Words Split w/ "id=" Stuff

enuddleyarbl · 01-25-2023, 10:06 AM

I was getting tired of the Calibre Editor's spellchecker being stymied by artificially split words (IOW, the publisher added various tags for things like "id=" right in the middle of them). For instance:

Code:

ele<span epub:type="pagebreak" id="page_330" title="330"></span>phant

or, the more common, simpler variety:

Code:

ele<a id="page_330"></a>phant

The find string I'm currently using to find these artificial breaks is:

Code:

\w<[^/].+?></.+?>\w

\w matches any word character (equivalent to [a-zA-Z0-9_])
< matches the character < with index 6010 (3C16 or 748) literally (case sensitive)
Match a single character not present in the list below [^/]
/ matches the character / with index 4710 (2F16 or 578) literally (case sensitive)
. matches any character (except for line terminators)
+? matches the previous token between one and unlimited times, as few times as possible, expanding as needed (lazy)
></ matches the characters ></ literally (case sensitive)
. matches any character (except for line terminators)
+? matches the previous token between one and unlimited times, as few times as possible, expanding as needed (lazy)
> matches the character > with index 6210 (3E16 or 768) literally (case sensitive)
\w matches any word character (equivalent to [a-zA-Z0-9_])

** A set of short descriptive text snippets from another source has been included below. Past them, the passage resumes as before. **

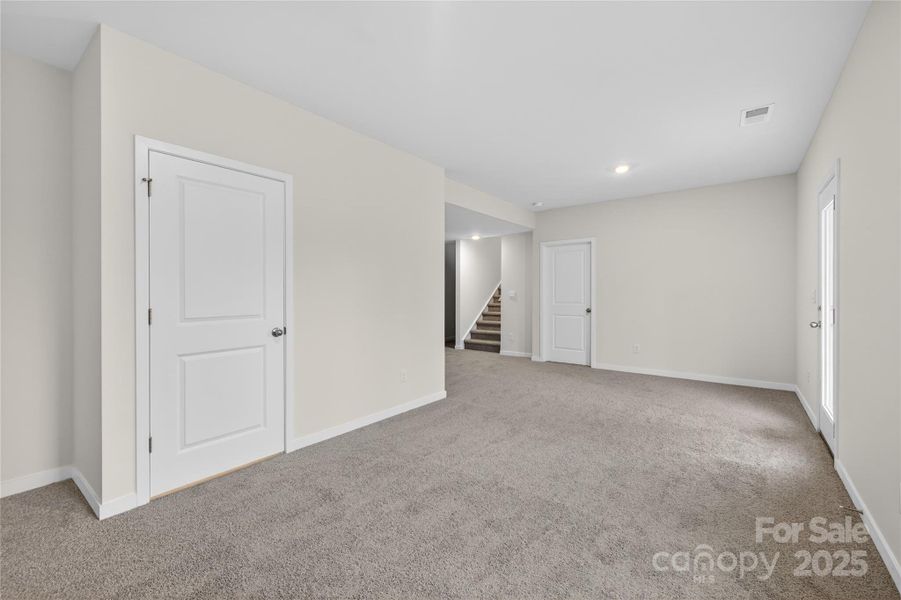 Spacious, unfurnished interior of a new home in Lakeshore at Windstone, Mooresville (Image 22).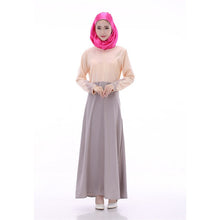 Women's Party Muslim Abaya Jilbab Islamic Maxi Dress Cocktail Long Sleeve Dress J4U66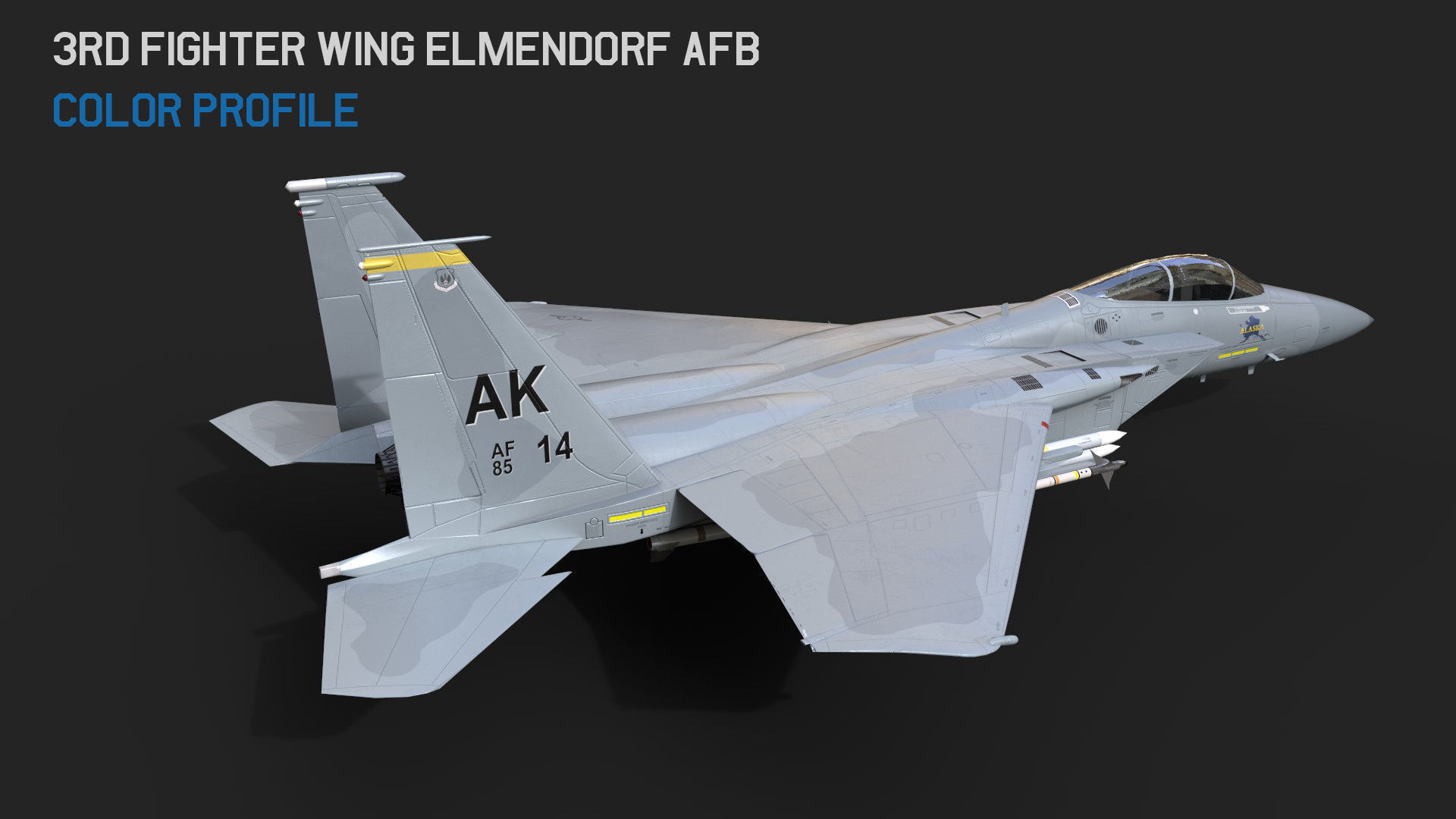 F-15 Eagle With 11 Different Textures Low-poly 3D model_38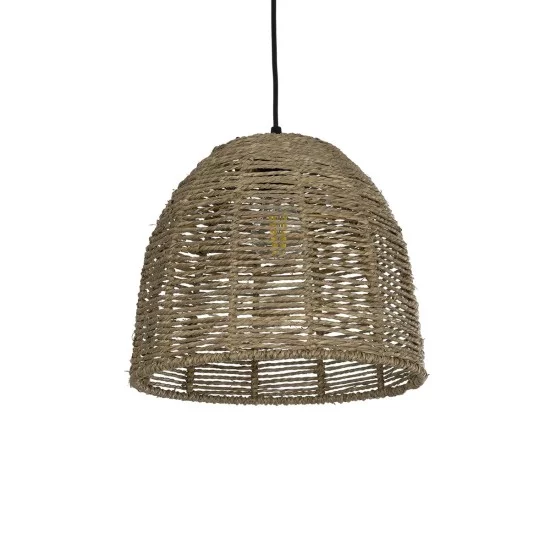 MEKA 204-0162 Boho Κρεμαστό Φωτιστικό Οροφής με Ντουί 1 x E27 AC 220-240V IP20 - Καφε - Μ30 x Π30 x Υ28cm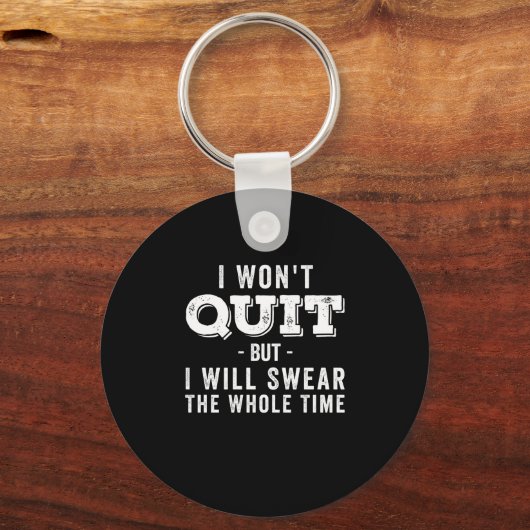 私はやめずっと誓う キーホルダー (正面)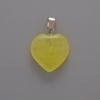 Кулон „Сърце“ от цитрин, диаметър 15×15×6 мм, дължина около 23 мм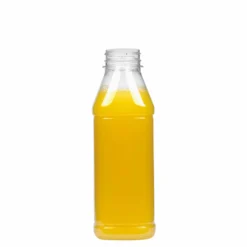 Bottiglia PET 500 ml 'Milk and Juice Carré', quadrata, plastica, bocca: 38 mm
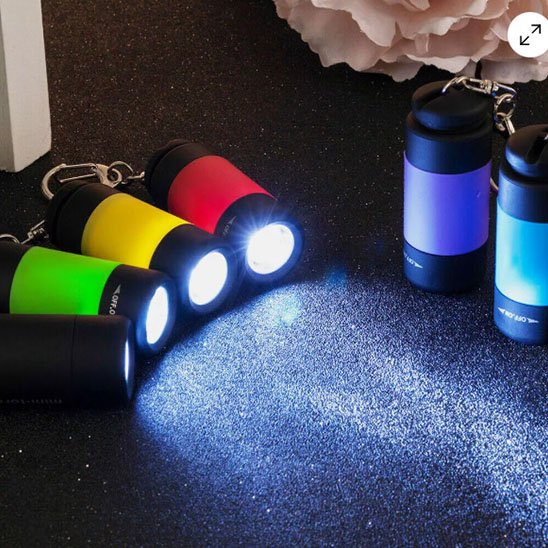 lampe de poche rechargeable multi couleurs 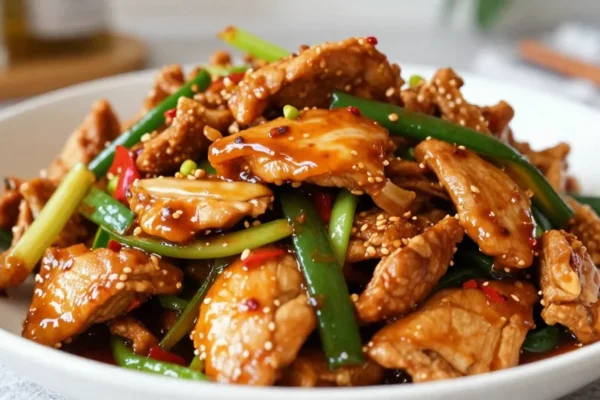 Quick Chicken Stir-Fry with Simple Pantry Sauce
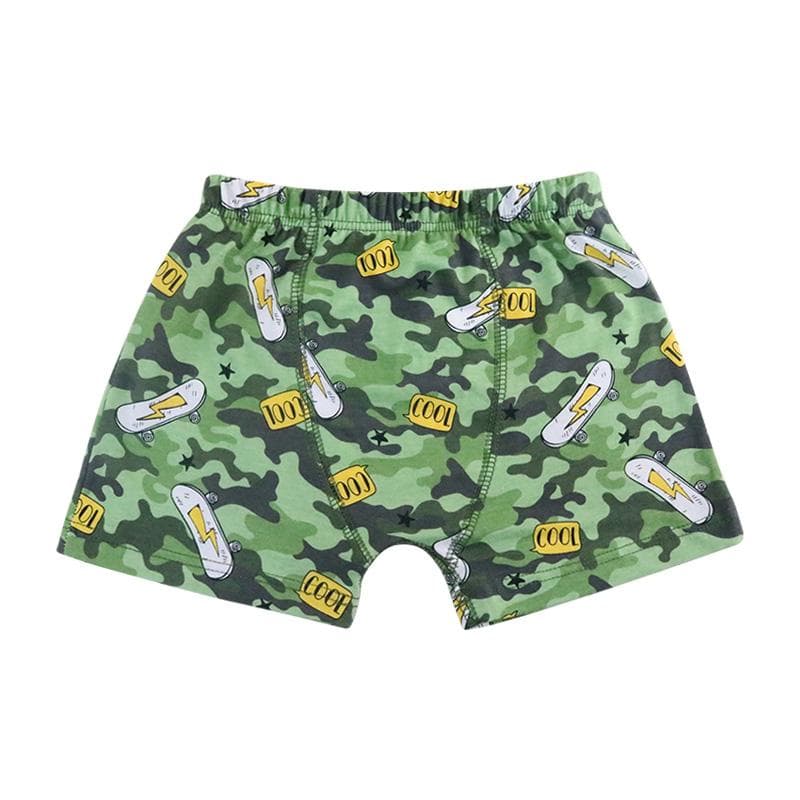 Kids Baby Boys Camouflage Panties Cartoon Boxer Underpants Kids Briefs For 2-5 Year 1T 2/4 yellow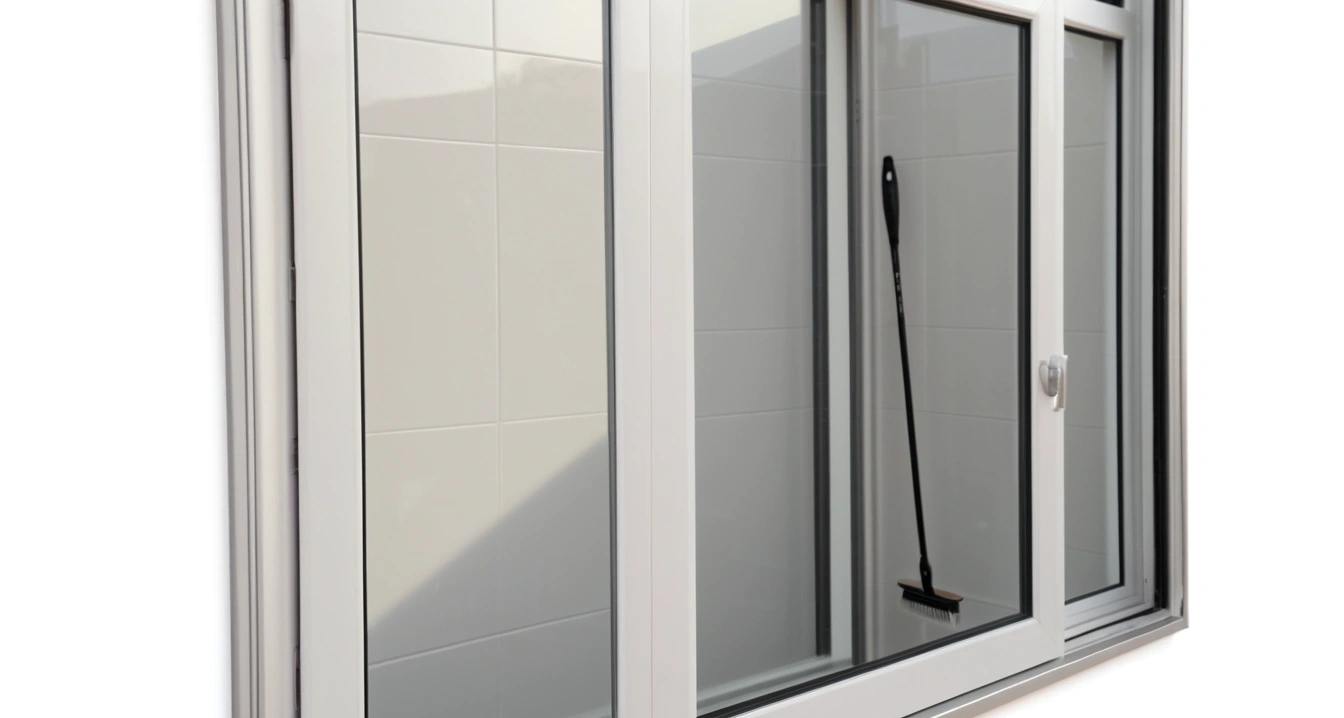 shiny white tiles and clean cleaning bru 1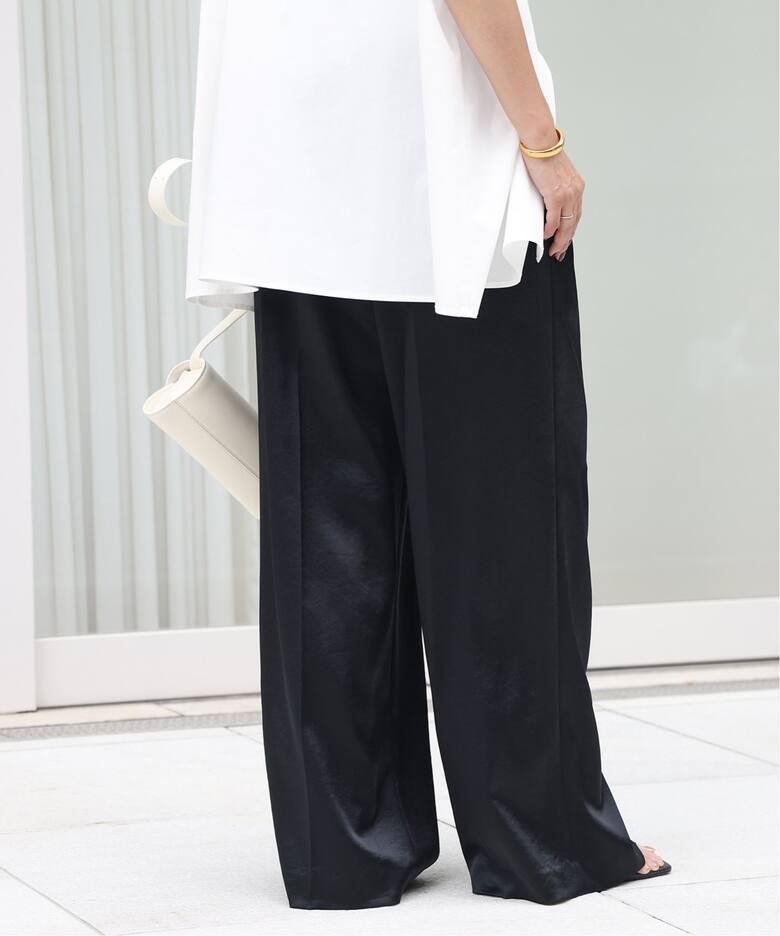 Minimal Satin パンツ（スラックス）｜Deuxieme Classe  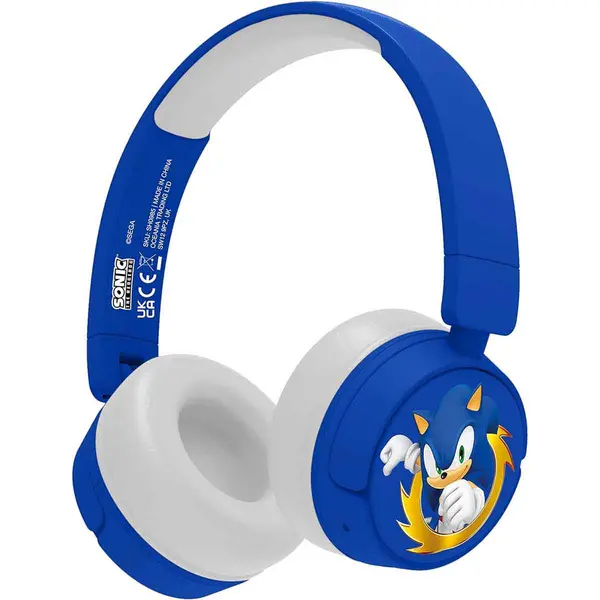 image of OTL Sega Sonic The Hedgehog SH0985 Kids Wireless Headphones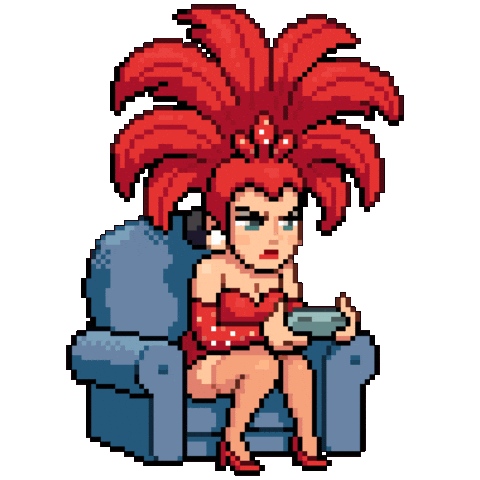 Showgirl Sticker by Super Smash Titties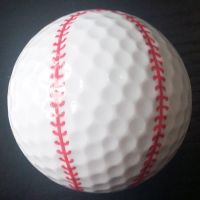 ❁▧✻ Sports ball two-layer baseball color ball outdoor practice golf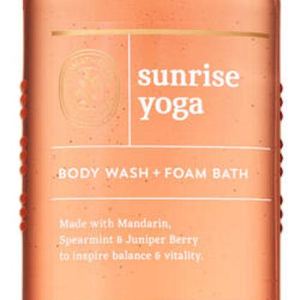 Bath and Body Works Aromaterapia para el cuidado del cuerpo – Gel de baño de espuma – 10 onzas líquidas – Muchos aromas! (Sunrise Yoga – Mandarin Bath and Body Works Aromaterapia para el cuidado del cuerpo – Gel de baño de espuma – 10 onzas líquidas – Muchos aromas! (Sunrise Yoga – Mandarin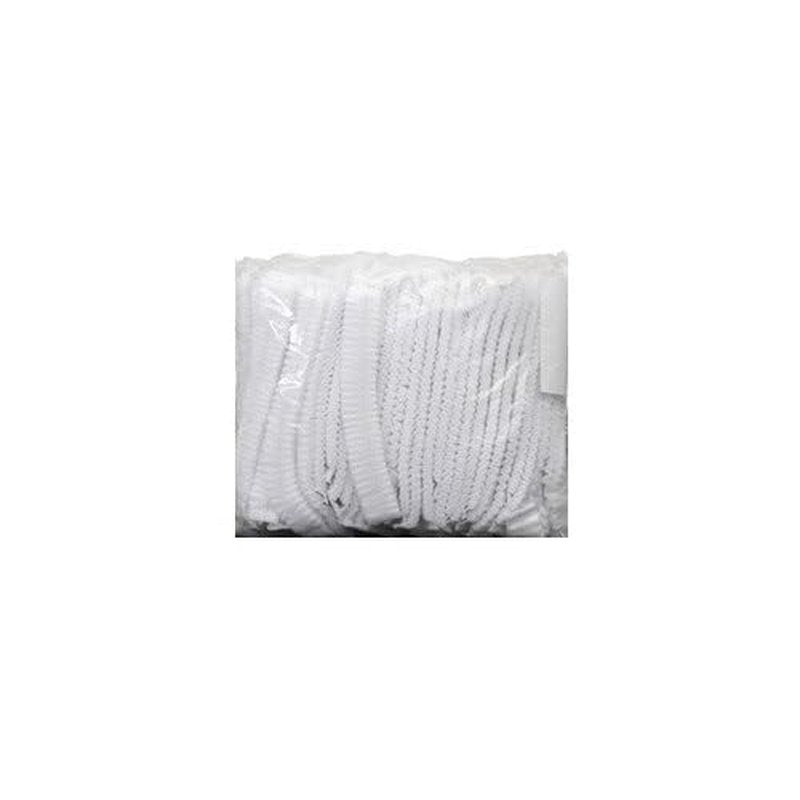 Disposable Hair Net Non-Woven Head Bouffant, Kitch 100 net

That seems to be working. But, is there some way to manage an automatic replacement? I'd assume that instead of looking for a word character snubbed up to the start of a tag (i.e., "<") and also one stuck to the ending tag (i.e., </...>, I'd look a "word" touching those tags. But, my regex isn't good enough. Any suggestions?

SUMMARIZING EDIT: From the material below, I've come up with a way of moving those tags from the middle of the word to the end. I've created two saved searches (one for non-self-terminating tags and one for self-terminating ones). I run both since, for some reason, some of my books use both methods:

Non-Self-Terminating Tags:

Code:

FIND: (\b\w+?)(<\w.+?></\w*?>)(\w+?\b)
REPLACE: \1\3\2

Self-Terminating Tags:

Code:

FIND: (\b\w+?)(<[^/]+?/>)(\w+?\b)
REPLACE: \1\3\2

JSWolf · 01-25-2023, 11:18 AM

I use Diaps Editing Toolbag to remove page numbers inside the HTML. It's very easy to use. It's an editor plugin for Calibre.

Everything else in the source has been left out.